__What to produce__:
Set down every line from the one containing "this 250×188 image." through the last line of the records below, exactly as written, and leave out the pictures.

__Data for this exercise__:
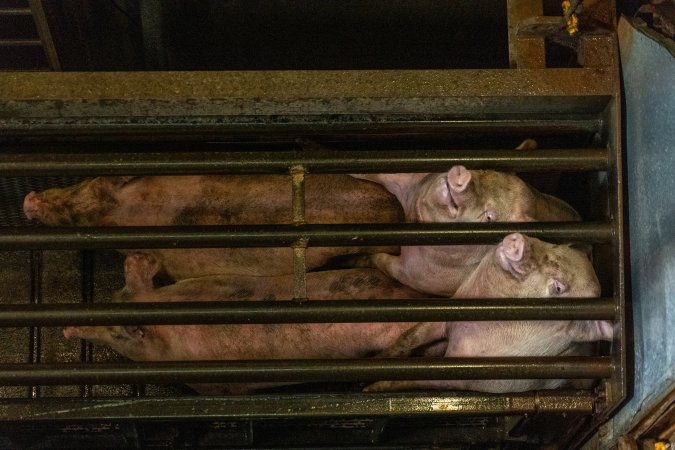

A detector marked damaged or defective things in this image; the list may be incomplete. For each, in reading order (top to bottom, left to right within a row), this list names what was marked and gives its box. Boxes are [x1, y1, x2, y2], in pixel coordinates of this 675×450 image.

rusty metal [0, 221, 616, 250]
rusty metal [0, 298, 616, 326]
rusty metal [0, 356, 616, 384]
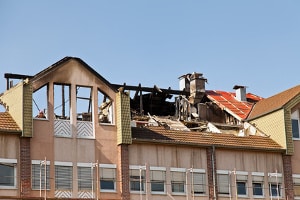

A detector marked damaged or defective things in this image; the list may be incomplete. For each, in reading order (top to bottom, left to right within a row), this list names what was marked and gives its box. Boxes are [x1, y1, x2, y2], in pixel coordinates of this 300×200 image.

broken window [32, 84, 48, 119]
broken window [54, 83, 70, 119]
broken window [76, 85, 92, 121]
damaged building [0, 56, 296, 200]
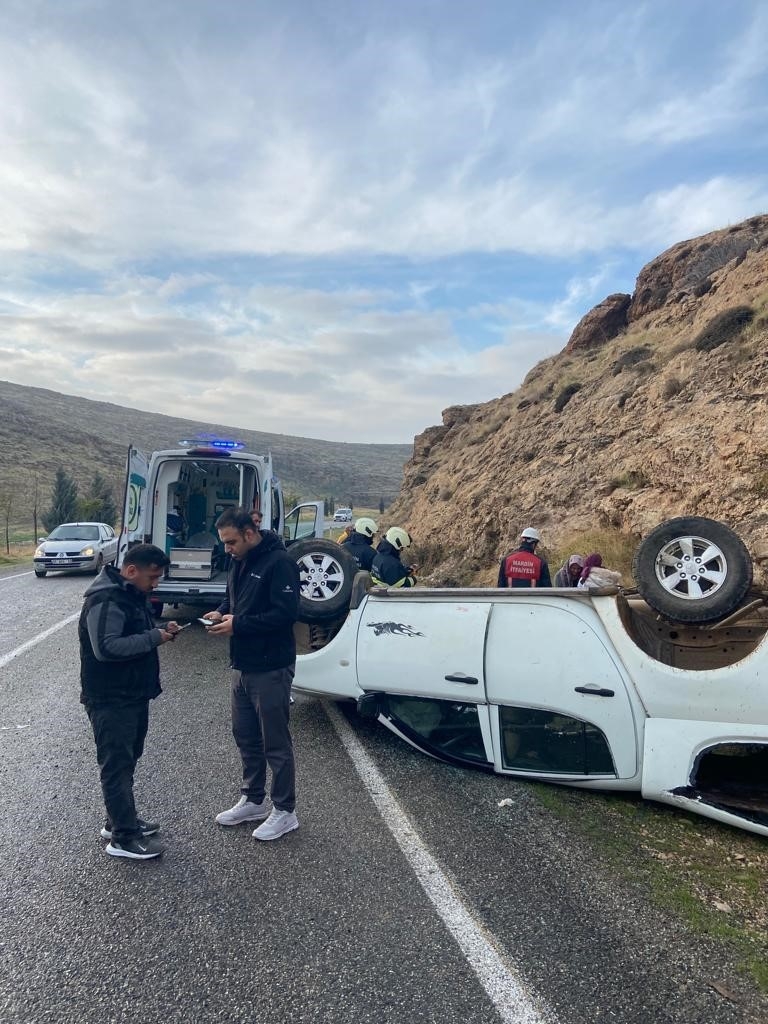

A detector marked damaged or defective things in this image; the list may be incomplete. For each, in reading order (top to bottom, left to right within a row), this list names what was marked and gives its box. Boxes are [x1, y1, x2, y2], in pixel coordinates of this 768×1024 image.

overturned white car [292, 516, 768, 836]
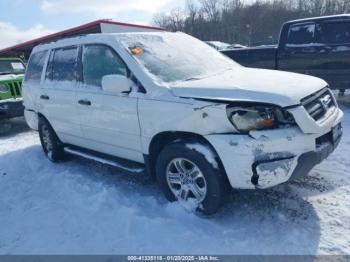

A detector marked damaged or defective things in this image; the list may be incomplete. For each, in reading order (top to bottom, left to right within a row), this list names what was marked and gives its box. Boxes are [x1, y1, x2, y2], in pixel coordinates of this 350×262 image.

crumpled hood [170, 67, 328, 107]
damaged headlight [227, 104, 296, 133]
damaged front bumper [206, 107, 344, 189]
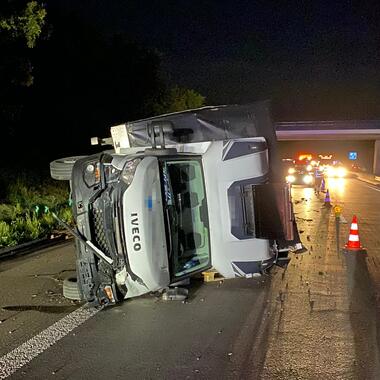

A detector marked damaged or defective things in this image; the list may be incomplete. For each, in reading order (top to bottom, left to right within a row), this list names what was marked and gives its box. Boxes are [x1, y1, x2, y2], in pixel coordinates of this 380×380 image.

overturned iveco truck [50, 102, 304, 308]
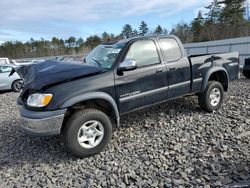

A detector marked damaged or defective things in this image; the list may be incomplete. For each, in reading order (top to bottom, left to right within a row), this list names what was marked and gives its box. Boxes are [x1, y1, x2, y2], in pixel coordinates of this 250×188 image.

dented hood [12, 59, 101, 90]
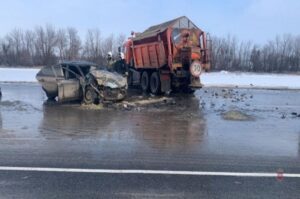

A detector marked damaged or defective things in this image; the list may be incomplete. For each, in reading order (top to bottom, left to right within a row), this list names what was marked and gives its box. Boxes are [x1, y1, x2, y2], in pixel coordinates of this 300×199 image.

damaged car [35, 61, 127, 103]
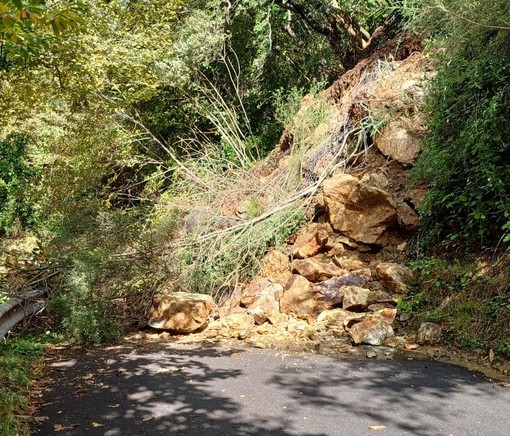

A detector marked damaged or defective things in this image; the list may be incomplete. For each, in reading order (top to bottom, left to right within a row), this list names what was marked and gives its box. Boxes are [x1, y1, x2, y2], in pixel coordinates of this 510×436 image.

__Solution__:
A detector marked damaged or defective things in this image; the list may be incomplete. For each, in reading order (top to bottom, left to right within a row), this list names what was marked and gives its box. Boxes are [x1, y1, x2, y2], in pixel coordinates of this 250×188 image.

dented hood [12, 59, 101, 90]

A detector marked damaged or defective things in this image; the list may be incomplete. For each, in reading order (top to bottom, left to right within a row), this list names what was marked and gives its box. Boxes are [x1, y1, x2, y2], in pixel coordinates of this 300×199 image.

damaged car [35, 61, 127, 103]

A detector marked damaged or defective things in this image; the list may be incomplete. For each, in reading order (top to bottom, left to right within a row), this list names what was marked and gives its box. Boxes are [x1, y1, x2, y2], in pixel coordinates of this 510×436 image.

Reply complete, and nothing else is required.